> [Given entries]:
*** Block opens ***

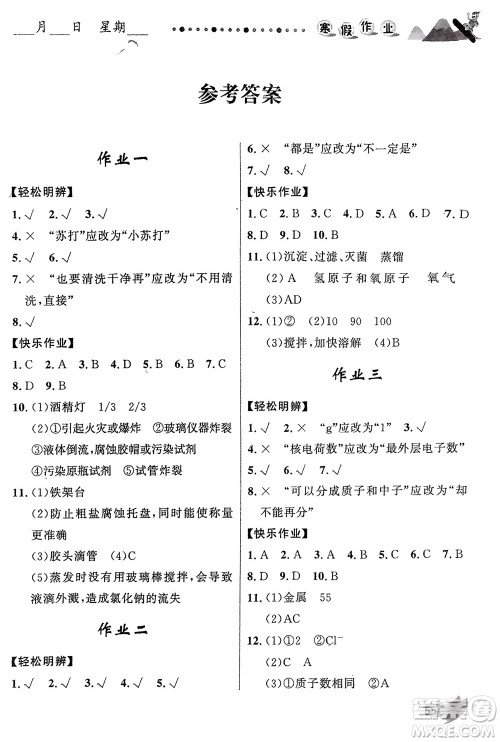 甘肃教育出版社2024寒假作业九年级化学人教版参考答案 甘肃教育出版社2024寒假作业九年级化学人教版参考答案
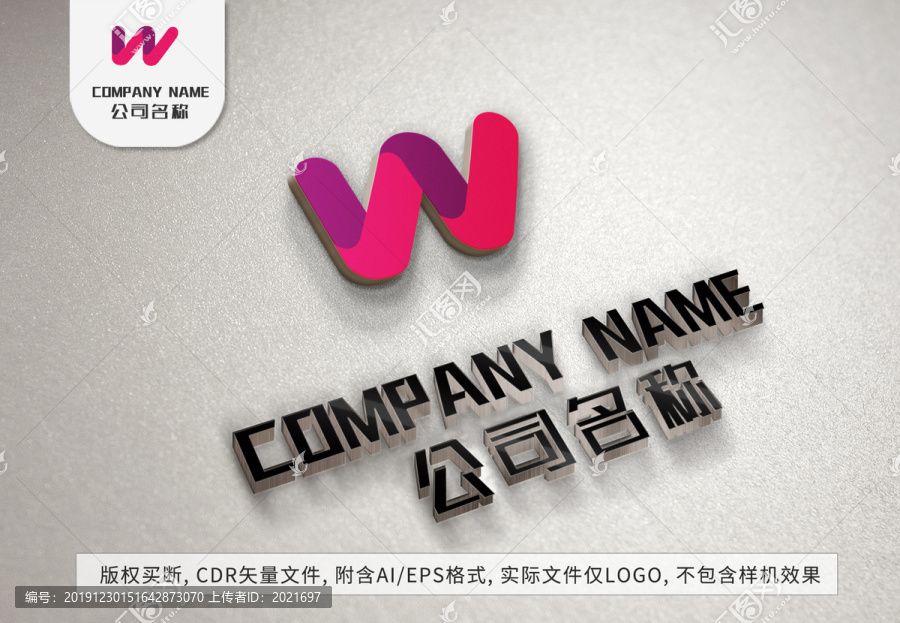 创意字母Wlogo标志设计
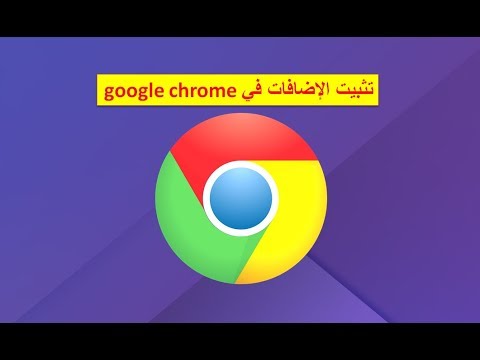 كيفية تثبيت وإزالة الإضافات ( Extensions ) في جوجل كروم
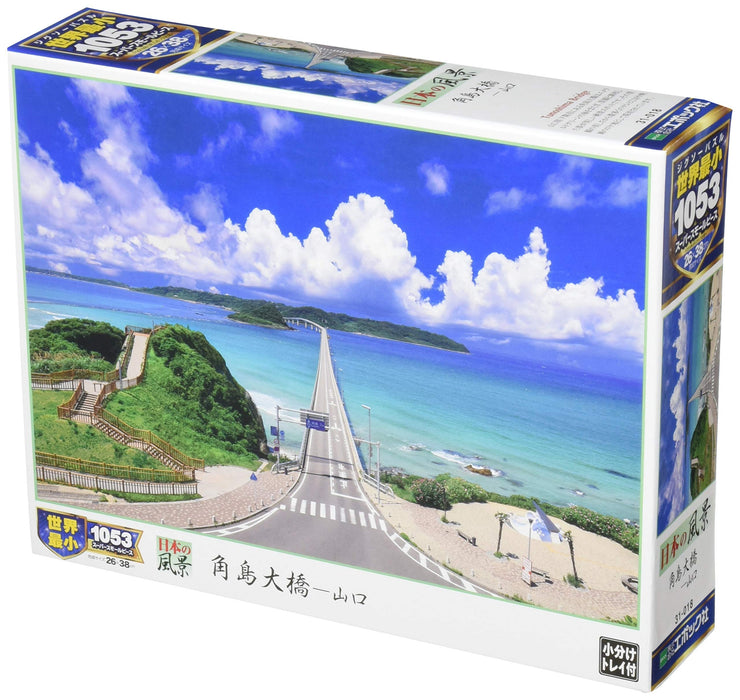 Epoch 1053-Piece Jigsaw Puzzle - Tsunoshima Bridge Yamaguchi with Glue & Spatula- Japan Figure Store - #1 Bring To You The Best Japanese Goods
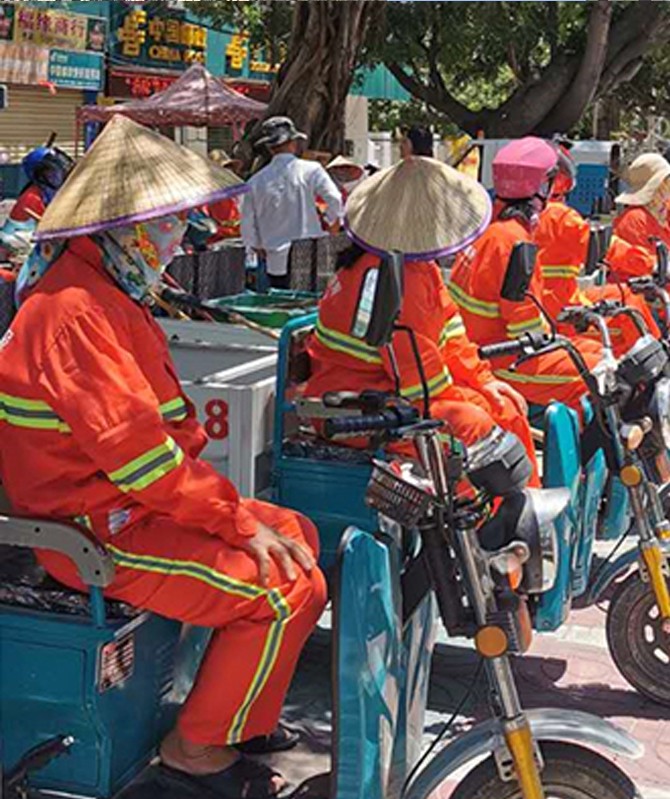 �ò�(�й�)�������ܿƼ��ɷ����޹�˾��վ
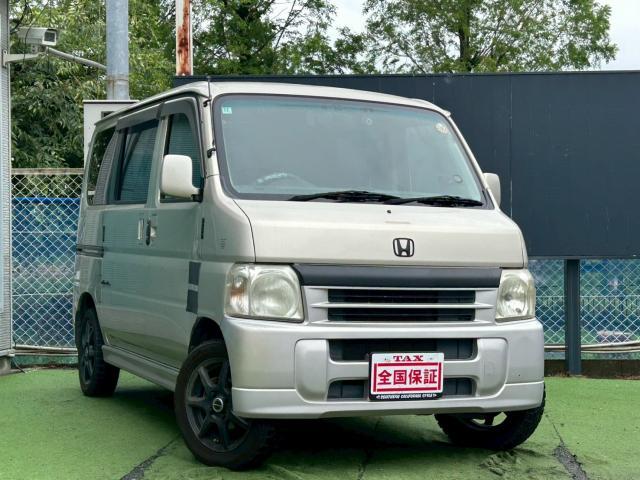 Honda VAMOS 2005-06 7810209-17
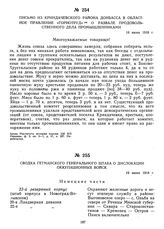 Сводка гетманского Генерального штаба о дислокации оккупационных войск. 19 июня 1918 г.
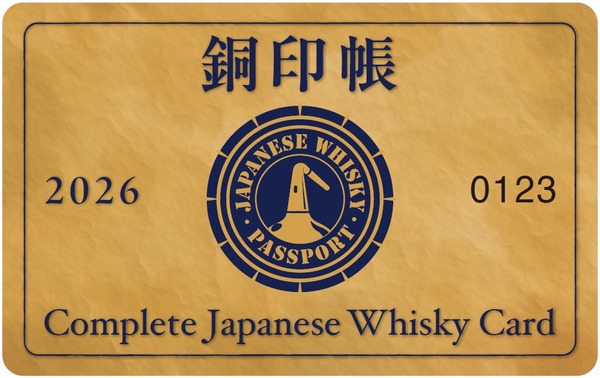 Japanese Whisky Paspport 銅印帳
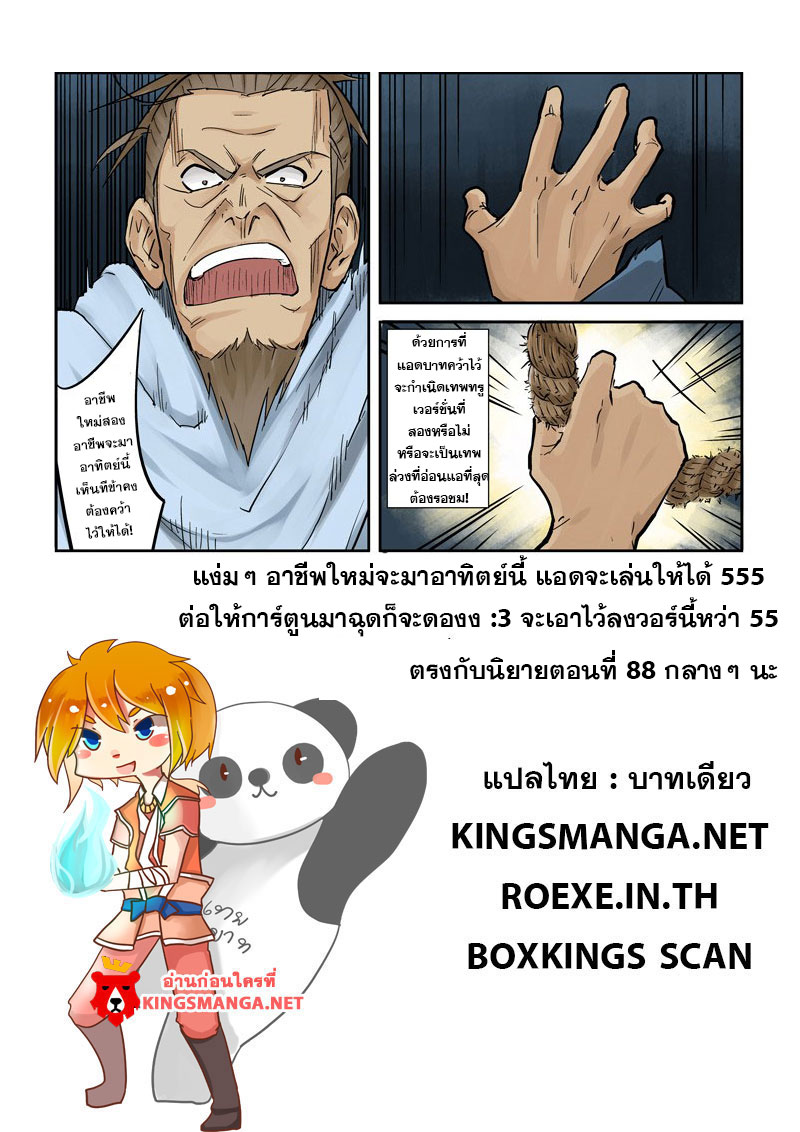 à¸­à¹ˆà¸²à¸™ Tales of Demons and Gods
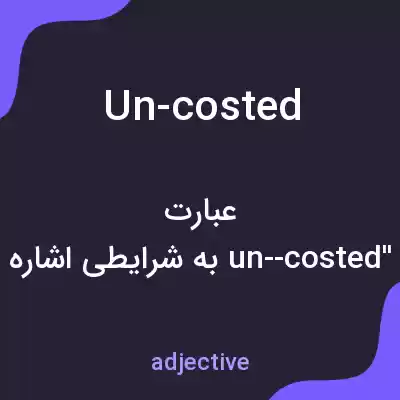 معنی un-costed به فارسی معنی un-costed به فارسی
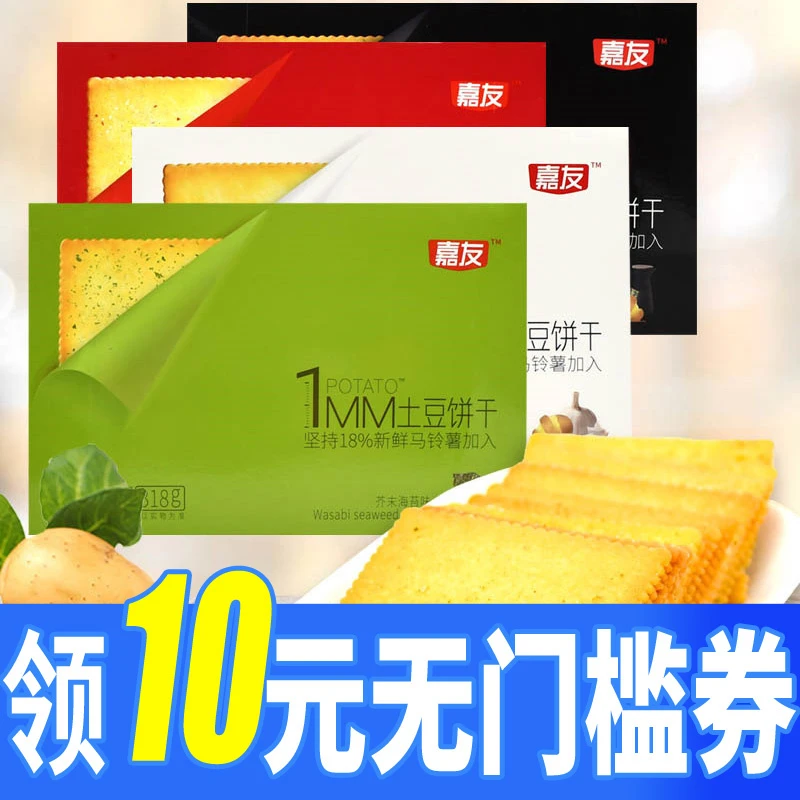 嘉友土豆饼干318g整盒1MM薄脆薯脆早餐小包装零食天花板海苔饼干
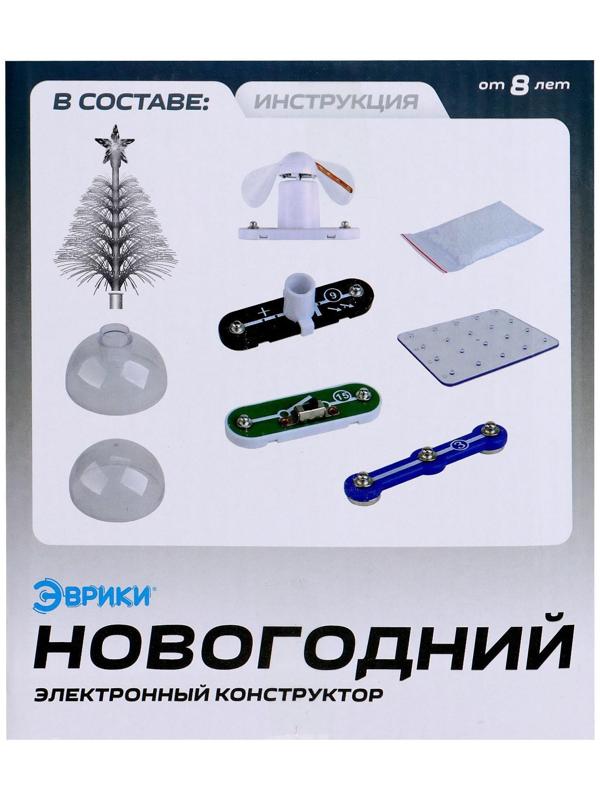 Электронный конструктор «Новогодний электронный конструктор», 9 деталей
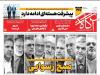 تیتر و تصویر خبرساز یک روزنامه علیه طرفداران برجام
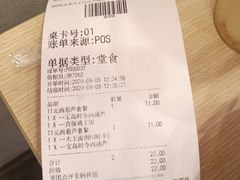 -永和大王(杨高中路店)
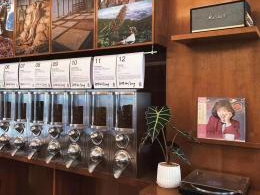 Metal Coffee Bean Dispenser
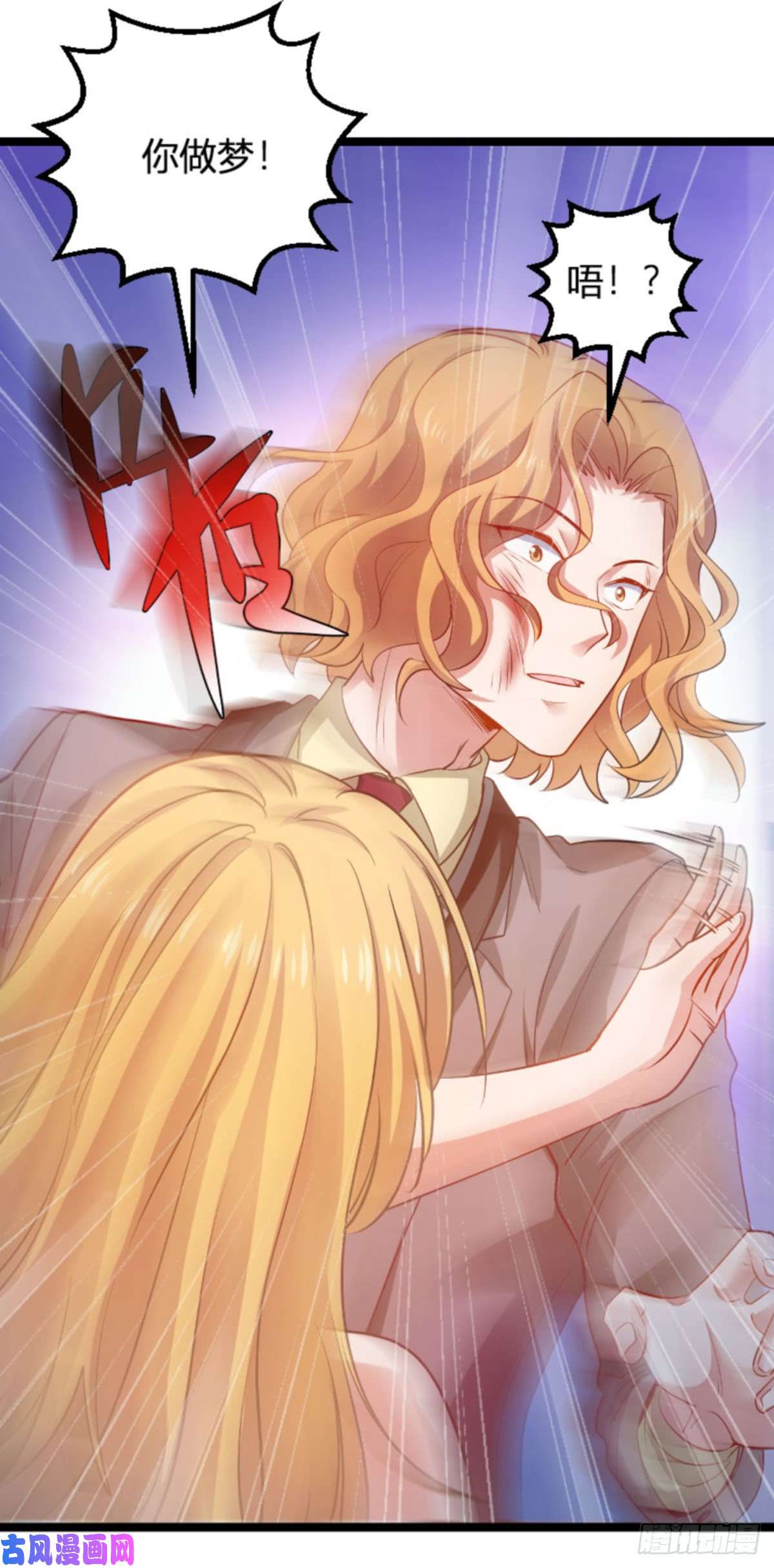 影后老婆不许逃第113话：拿身体来交换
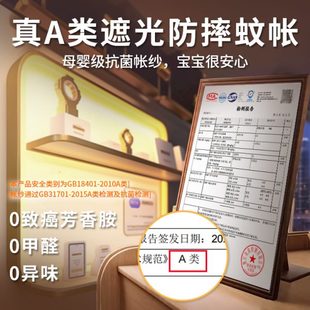 床笠款 蒙古包 蚊帐家用卧室遮光帘2025新款 防摔婴儿童全罩一体式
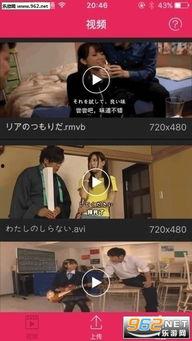 青青醉地鲁在线视频,一场穿越时空的鲁文化盛宴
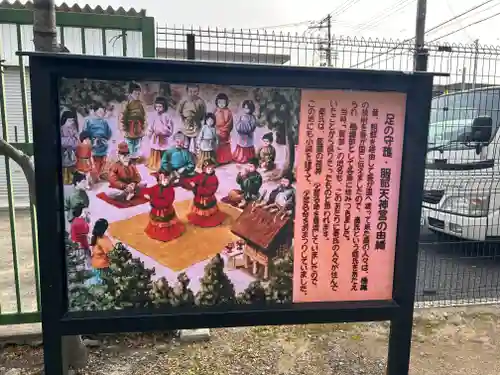 足の神様 服部天神宮(大阪府)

*** Block closes ***

> [Assigned task]:
In transcribing the material above, reproduce each line exactly and include none of the pictures.

> [Task solution]:
 甘肃教育出版社2024寒假作业九年级化学人教版参考答案 甘肃教育出版社2024寒假作业九年级化学人教版参考答案
 创意字母Wlogo标志设计
 كيفية تثبيت وإزالة الإضافات ( Extensions ) في جوجل كروم
 Epoch 1053-Piece Jigsaw Puzzle - Tsunoshima Bridge Yamaguchi with Glue & Spatula- Japan Figure Store - #1 Bring To You The Best Japanese Goods
 �ò�(�й�)�������ܿƼ��ɷ����޹�˾��վ
 Honda VAMOS 2005-06 7810209-17
 Сводка гетманского Генерального штаба о дислокации оккупационных войск. 19 июня 1918 г.
 Japanese Whisky Paspport 銅印帳
 à¸­à¹ˆà¸²à¸™ Tales of Demons and Gods
 معنی un-costed به فارسی معنی un-costed به فارسی
 嘉友土豆饼干318g整盒1MM薄脆薯脆早餐小包装零食天花板海苔饼干
 Электронный конструктор «Новогодний электронный конструктор», 9 деталей
 تیتر و تصویر خبرساز یک روزنامه علیه طرفداران برجام
 -永和大王(杨高中路店)
 Metal Coffee Bean Dispenser
 影后老婆不许逃第113话：拿身体来交换
 床笠款 蒙古包 蚊帐家用卧室遮光帘2025新款 防摔婴儿童全罩一体式
 青青醉地鲁在线视频,一场穿越时空的鲁文化盛宴
 足の神様 服部天神宮(大阪府)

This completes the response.